Первое впечатление мое, при поступлении в острог, вообще было самое отвратительное; но, несмотря на то, – странное дело! – мне показалось, что в остроге гораздо легче жить, чем я воображал себе дорогой. Арестанты, хоть и в кандалах, ходили свободно по всему острогу, ругались, пели песни, работали на себя, курили трубки, даже пили вино (хотя очень не многие), а по ночам иные заводили картеж. Самая работа, например, показалась мне вовсе не так тяжелою, каторжною, и только довольно долго спустя я догадался, что тягость и каторжность этой работы не столько в трудности и беспрерывности ее, сколько в том, что она – принужденная, обязательная, из-под палки. Мужик на воле работает, пожалуй, и несравненно больше, иногда даже и по ночам, особенно летом; он работает на себя, работает с разумною целью, и ему несравненно легче, чем каторжному на вынужденной и совершенно для него бесполезной работе. Мне пришло раз на мысль, что если б захотели вполне раздавить, уничтожить человека, наказать его самым ужасным наказанием, так что самый страшный убийца содрогнулся бы от этого наказания и пугался его заранее, то стоило бы только придать работе характер совершенной, полнейшей бесполезности и бессмыслицы. Если теперешняя каторжная работа и безынтересна и скучна для каторжного, то сама по себе, как работа, она разумна: арестант делает кирпич, копает землю, штукатурит, строит; в работе этой есть смысл и цель. Каторжный работник иногда даже увлекается ею, хочет сработать ловчее, спорее, лучше. Но если б заставить его, например, переливать воду из одного ушата в другой, а из другого в первый, толочь песок, перетаскивать кучу земли с одного места на другое и обратно, – я думаю, арестант удавился бы через несколько дней или наделал бы тысячу преступлений, чтоб хоть умереть, да выйти из такого унижения, стыда и муки. Разумеется, такое наказание обратилось бы в пытку, в мщение и было бы бессмысленно, потому что не достигало бы никакой разумной цели. Но так как часть такой пытки, бессмыслицы, унижения и стыда есть непременно и во всякой вынужденной работе, то и каторжная работа несравненно мучительнее всякой вольной, именно тем, что вынужденная.

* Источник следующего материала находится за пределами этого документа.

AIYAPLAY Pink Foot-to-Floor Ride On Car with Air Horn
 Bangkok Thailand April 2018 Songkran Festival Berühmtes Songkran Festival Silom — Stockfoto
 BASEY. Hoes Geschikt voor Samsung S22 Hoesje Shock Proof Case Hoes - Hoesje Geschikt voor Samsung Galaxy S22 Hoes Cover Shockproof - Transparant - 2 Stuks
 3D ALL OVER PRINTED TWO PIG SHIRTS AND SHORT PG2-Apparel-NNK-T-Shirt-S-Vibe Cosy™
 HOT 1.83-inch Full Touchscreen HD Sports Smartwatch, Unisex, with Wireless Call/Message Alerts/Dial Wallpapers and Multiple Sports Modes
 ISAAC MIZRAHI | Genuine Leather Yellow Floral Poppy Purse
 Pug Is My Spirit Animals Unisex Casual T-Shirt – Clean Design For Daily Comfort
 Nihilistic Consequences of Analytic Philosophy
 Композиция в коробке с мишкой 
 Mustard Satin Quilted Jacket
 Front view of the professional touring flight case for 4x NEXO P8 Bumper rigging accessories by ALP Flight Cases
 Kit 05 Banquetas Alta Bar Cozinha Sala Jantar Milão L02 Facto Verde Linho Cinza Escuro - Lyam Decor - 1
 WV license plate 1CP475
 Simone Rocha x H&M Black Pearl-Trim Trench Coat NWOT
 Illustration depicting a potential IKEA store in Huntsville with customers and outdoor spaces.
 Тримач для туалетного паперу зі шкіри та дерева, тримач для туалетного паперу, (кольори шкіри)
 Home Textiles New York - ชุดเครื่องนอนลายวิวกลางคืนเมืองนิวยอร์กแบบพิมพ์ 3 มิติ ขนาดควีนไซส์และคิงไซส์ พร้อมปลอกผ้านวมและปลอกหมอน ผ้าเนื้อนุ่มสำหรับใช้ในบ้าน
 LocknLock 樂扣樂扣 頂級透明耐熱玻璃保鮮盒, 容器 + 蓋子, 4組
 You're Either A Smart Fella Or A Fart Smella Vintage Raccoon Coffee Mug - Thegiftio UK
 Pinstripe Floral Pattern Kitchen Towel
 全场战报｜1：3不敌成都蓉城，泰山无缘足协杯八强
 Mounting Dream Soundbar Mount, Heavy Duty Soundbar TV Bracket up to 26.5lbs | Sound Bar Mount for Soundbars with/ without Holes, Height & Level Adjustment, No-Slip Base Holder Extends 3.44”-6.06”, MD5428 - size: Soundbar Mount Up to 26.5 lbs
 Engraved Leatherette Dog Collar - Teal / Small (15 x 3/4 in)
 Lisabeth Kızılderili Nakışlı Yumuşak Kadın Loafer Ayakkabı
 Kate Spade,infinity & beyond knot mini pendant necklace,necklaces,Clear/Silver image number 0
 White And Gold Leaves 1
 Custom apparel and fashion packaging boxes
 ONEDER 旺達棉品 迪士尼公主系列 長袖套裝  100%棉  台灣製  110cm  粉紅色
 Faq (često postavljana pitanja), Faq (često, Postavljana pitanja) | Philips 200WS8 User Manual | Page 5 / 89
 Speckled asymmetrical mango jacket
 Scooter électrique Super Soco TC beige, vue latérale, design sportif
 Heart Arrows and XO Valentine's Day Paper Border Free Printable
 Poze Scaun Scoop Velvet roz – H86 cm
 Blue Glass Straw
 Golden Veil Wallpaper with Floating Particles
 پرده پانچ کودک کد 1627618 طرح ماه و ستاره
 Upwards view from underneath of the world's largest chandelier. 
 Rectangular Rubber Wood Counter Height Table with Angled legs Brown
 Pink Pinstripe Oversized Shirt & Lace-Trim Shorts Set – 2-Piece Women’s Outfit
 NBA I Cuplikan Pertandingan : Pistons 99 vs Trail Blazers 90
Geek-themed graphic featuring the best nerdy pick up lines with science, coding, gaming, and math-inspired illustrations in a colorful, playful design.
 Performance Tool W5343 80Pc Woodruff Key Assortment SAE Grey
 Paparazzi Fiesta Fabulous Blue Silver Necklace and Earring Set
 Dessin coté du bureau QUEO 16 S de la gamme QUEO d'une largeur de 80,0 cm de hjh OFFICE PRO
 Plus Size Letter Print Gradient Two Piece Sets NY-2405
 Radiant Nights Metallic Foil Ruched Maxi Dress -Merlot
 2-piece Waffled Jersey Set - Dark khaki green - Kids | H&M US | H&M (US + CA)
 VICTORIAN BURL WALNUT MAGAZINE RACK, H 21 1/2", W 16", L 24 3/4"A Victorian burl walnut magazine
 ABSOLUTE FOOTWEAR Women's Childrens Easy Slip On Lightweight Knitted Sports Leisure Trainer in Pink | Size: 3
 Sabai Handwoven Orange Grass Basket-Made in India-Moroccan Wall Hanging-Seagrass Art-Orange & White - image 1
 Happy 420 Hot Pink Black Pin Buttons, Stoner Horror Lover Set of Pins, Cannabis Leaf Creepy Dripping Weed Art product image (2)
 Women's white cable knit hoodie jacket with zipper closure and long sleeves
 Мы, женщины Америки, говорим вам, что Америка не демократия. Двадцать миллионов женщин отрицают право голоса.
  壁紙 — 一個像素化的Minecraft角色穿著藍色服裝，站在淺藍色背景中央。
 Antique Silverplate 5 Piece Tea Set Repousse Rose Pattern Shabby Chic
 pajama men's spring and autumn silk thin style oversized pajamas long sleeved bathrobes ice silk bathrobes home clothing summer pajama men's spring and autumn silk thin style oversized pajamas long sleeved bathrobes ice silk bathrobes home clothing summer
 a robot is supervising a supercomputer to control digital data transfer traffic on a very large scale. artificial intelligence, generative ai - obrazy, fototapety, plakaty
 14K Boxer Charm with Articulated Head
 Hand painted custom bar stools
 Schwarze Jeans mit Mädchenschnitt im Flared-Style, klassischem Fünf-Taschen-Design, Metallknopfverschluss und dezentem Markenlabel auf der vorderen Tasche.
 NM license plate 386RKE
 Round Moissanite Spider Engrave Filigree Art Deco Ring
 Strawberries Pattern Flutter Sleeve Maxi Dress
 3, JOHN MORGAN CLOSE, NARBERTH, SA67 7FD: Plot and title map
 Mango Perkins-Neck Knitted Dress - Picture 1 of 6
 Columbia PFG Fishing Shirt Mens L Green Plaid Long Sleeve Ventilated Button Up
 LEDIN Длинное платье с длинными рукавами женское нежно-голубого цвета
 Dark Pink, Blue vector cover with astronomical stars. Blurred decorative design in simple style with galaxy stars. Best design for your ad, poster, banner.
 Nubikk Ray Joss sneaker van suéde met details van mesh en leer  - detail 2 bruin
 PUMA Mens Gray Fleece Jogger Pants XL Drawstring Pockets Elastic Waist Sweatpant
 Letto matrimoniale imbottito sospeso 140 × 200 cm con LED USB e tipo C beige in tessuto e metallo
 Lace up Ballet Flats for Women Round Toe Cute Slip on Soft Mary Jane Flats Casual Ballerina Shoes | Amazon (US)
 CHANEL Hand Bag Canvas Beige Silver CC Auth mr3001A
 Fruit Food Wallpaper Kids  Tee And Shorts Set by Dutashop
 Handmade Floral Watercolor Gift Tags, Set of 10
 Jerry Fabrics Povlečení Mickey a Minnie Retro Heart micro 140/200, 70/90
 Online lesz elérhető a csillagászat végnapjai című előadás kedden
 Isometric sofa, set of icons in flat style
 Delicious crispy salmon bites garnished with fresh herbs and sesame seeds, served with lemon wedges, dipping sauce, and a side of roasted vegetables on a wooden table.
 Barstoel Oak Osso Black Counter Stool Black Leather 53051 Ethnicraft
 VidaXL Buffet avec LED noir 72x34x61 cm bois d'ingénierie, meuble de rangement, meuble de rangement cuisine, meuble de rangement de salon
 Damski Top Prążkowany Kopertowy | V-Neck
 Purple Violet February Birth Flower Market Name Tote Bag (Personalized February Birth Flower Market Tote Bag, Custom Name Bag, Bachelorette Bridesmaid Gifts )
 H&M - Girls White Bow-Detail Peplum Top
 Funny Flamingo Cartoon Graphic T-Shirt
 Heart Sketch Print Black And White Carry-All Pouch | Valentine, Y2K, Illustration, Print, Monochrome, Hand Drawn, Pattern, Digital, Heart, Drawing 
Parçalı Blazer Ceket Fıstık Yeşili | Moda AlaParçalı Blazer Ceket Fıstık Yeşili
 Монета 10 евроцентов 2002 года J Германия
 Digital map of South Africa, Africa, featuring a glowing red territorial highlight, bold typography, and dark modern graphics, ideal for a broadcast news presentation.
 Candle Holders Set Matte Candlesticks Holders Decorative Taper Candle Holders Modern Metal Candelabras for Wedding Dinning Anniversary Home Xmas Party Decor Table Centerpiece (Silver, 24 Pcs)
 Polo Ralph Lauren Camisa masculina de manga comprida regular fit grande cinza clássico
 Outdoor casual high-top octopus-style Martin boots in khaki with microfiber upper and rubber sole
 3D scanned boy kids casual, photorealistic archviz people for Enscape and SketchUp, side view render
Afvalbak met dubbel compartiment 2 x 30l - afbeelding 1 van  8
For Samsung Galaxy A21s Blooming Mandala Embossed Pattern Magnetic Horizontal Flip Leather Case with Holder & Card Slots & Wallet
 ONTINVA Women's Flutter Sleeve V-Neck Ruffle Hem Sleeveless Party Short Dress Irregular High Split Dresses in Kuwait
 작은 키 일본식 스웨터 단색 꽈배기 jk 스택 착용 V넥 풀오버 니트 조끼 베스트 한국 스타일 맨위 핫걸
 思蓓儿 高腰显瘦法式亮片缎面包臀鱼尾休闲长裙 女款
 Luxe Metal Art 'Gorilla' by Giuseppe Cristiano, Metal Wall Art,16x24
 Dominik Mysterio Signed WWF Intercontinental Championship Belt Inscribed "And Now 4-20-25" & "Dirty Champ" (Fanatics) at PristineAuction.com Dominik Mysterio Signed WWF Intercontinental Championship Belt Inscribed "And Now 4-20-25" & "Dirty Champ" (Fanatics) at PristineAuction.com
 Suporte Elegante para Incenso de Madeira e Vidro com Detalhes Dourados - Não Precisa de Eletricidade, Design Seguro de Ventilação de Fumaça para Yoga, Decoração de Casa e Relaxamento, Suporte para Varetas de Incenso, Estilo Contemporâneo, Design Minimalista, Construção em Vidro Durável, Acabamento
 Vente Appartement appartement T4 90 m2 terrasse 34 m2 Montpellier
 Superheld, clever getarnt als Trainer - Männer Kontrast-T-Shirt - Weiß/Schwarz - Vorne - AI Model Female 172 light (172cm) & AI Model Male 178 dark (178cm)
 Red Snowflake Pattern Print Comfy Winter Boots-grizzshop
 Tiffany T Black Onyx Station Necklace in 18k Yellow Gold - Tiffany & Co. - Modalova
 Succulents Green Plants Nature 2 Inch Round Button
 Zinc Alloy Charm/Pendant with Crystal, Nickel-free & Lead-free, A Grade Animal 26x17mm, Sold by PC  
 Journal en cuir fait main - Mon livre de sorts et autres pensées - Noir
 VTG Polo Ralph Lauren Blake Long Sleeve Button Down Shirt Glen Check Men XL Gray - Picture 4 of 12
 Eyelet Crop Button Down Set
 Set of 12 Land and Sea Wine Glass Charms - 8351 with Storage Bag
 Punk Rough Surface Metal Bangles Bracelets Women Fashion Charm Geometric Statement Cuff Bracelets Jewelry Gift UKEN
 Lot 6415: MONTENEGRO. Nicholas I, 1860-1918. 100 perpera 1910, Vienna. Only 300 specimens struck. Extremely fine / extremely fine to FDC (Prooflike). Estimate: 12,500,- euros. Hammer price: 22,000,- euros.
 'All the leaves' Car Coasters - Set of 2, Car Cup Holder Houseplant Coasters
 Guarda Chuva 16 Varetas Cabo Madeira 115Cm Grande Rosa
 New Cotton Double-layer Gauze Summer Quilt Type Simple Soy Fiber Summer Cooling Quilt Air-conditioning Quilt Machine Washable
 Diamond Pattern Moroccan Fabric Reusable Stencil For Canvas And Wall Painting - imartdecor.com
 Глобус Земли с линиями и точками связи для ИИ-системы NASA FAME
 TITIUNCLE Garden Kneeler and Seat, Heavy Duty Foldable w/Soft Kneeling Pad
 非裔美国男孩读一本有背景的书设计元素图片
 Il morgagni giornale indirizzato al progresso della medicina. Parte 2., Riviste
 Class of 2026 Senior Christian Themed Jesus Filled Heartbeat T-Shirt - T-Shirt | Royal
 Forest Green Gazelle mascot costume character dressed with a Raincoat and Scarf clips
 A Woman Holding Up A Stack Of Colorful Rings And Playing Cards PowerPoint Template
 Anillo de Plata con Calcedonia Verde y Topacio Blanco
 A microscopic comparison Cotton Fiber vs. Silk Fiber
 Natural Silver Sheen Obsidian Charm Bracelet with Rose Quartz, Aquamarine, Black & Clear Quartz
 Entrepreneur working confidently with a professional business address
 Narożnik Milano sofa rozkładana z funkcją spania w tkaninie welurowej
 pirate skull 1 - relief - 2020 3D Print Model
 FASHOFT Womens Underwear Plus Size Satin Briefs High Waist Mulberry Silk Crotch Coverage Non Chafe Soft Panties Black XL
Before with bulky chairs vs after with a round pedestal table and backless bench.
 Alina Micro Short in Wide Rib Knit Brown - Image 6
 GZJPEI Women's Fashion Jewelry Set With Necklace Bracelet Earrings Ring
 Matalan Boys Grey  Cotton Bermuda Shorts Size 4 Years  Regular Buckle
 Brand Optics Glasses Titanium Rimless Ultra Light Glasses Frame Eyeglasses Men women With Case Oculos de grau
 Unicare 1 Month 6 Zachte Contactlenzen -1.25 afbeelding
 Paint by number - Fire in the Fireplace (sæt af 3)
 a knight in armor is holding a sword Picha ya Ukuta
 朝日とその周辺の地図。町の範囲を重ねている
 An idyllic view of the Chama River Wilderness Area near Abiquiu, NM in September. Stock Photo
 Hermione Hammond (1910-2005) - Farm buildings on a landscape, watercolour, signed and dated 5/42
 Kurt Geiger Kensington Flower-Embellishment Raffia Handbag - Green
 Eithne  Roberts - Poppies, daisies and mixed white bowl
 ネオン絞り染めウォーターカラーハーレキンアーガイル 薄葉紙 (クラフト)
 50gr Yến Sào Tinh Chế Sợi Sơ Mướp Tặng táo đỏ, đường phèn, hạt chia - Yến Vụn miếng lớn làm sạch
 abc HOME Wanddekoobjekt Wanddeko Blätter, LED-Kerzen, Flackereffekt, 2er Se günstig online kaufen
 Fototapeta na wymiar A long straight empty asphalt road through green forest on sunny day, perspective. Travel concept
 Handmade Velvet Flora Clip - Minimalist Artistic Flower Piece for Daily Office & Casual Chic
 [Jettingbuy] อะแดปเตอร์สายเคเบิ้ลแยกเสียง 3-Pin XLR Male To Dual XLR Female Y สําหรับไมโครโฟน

Впрочем, я поступил в острог зимою, в декабре месяце, и еще не имел понятия о летней работе, впятеро тяжелейшей. Зимою же в нашей крепости казенных работ вообще было мало. Арестанты ходили на Иртыш ломать старые казенные барки, работали по мастерским, разгребали у казенных зданий снег, нанесенный буранами, обжигали и толкли алебастр и проч. и проч. Зимний день был короток, работа кончалась скоро, и весь наш люд возвращался в острог рано, где ему почти бы нечего было делать, если б не случалось кой-какой своей работы. Но собственной работой занималась, может быть, только треть арестантов, остальные же били баклуши, слонялись без нужды по всем казармам острога, ругались, заводили меж собой интриги, истории, напивались, если навертывались хоть какие-нибудь деньги; по ночам проигрывали в карты последнюю рубашку, и все это от тоски, от праздности, от нечего делать. Впоследствии я понял, что, кроме лишения свободы, кроме вынужденной работы, в каторжной жизни есть еще одна мука, чуть ли не сильнейшая, чем все другие. Это: вынужденное общее сожительство. Общее сожительство, конечно, есть и в других местах; но в острог-то приходят такие люди, что не всякому хотелось бы сживаться с ними, и я уверен, что всякий каторжный чувствовал эту муку, хотя, конечно, большею частью бессознательно.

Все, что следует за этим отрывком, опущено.